Hablo a usted con esta llaneza, porque no politiqueo. No me insta, en nada, ser hombre del montón. Me consagré a las le­tras, y no estoy descontento de la cosecha. En el saldo de cuentas un mi siglo no habré pasado, como las aves por el espacio, sin dejar huella por ligera que esta sea.

Hoy por hoy el colmo de mi ambición sería dejar unido al de usted, mi nombre en la biblioteca que tuve la singular fortuna lo reorganizar, y no escribo crear porque no me califique de inmo­desto y pretencioso.

CAPITULO SEGUNDO

Pedí a usted, hace seis meses, que me hiciera abonar un pequeño crédito contra el tesoro, pues necesitaba ese dinero para aten­der a los gastos de impresión de tres libros. Tuvo usted la ama­bilidad de contestarme que no le era posible, por causas que me ex­puso, decretar ese pago; pero que, para la publicación de mis libros, contara con el auxilio pecuniario que me fuese preciso. Recordará usted que le repuse que repugnaba a mi altivez mendigar co­mo literato, subvención de los gobiernos, que para todos mis libros había encontrado editores en el extranjero, y que si, en esta vez, había pensado hacer en Lima la edición de esos tomos era por ra­zones especiales que le manifesté. Tanto usted como el doctor Loayza, que estaba presente, vencieron mi susceptibilidad con frases de estimación por mi persona y mis producciones.

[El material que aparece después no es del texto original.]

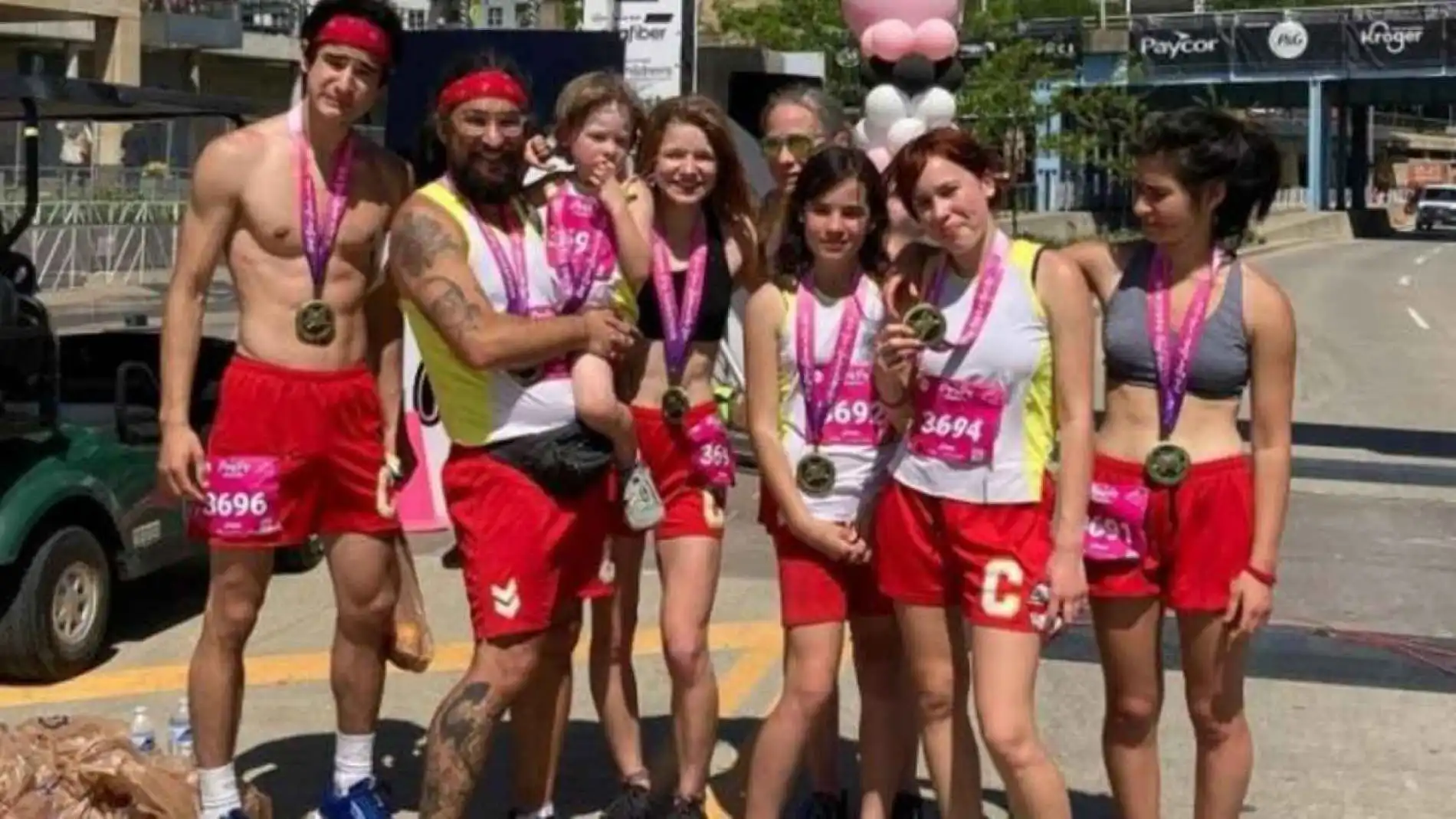 La familia Crawford tras terminar su maratón Cincinnati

La impresión de uno de los libros terminará en breves días más. Ha cerca de dos meses que he presentado solicitud al minis­terio pidiendo el cumplimiento de la oferta generosa de usted. Al no despacharse hasta ahora mi solicitud, casi se me coloca en la condición del mendigo que demanda una limosna, y esto era, precisamente, lo que yo rehuía.

CAPITULO TERCERO

En la visita que, en abril, hizo usted a la biblioteca (y que no se ha repetido) le mostré, y aún hojeó usted algo, un precioso manuscrito sobre literatura nacional. Hablé a usted de ese ma­nuscrito con entusiasmo, y le dije que si el gobierno se comprome­tía a publicarlo, yo tenía voluntad para consagrar mis días festivos a comentarlo y escribir algunas páginas sobre historia literaria del Perú, a guisa de prólogo. Tanto usted, como después el doctor Loayza, me alentaron a emprender el trabajo, garantizándome que se haría la publicación por cuenta del estado.

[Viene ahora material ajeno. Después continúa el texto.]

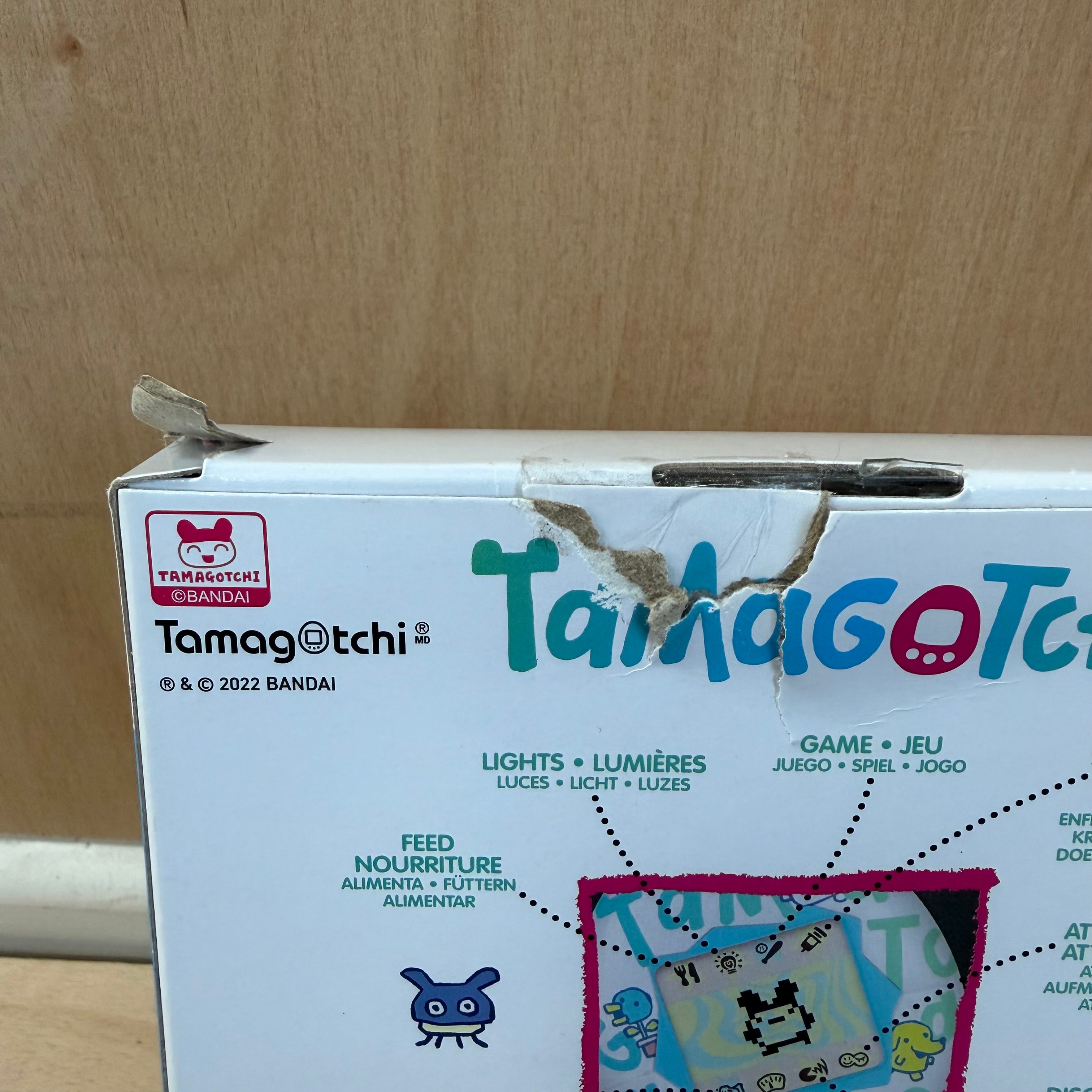 Bandai tamagotchi gen 2 starry night new in box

Ha casi dos meses que pasé oficio al ministerio expresando que el trabajo estaba ya listo para la prensa. Nada pedía para mí, y hasta me excusaba de entender en contrato con la imprenta. Reclamaba solo una pequeña gratificación para el amanuense que hizo la copia.

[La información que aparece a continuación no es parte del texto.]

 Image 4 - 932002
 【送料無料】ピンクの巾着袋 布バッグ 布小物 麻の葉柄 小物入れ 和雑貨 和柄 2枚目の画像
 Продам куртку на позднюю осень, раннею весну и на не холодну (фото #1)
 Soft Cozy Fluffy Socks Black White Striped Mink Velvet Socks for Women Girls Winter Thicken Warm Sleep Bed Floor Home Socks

Calculo que la impresión, con escrupulosa corrección de prue­bas, pues se trata de versos, reclama por lo menos seis meses.

Y sin embargo... mi oficio sigue entre carpetas. No espera­ba que a mi entusiasta iniciativa se contestase con glacial indiferencia.

Y pongo punto a mis quejumbres, señor don Nicolás, no sin vol­ver a reclamar su indulgencia para con este su viejo estimador y amigo que le besa la mano.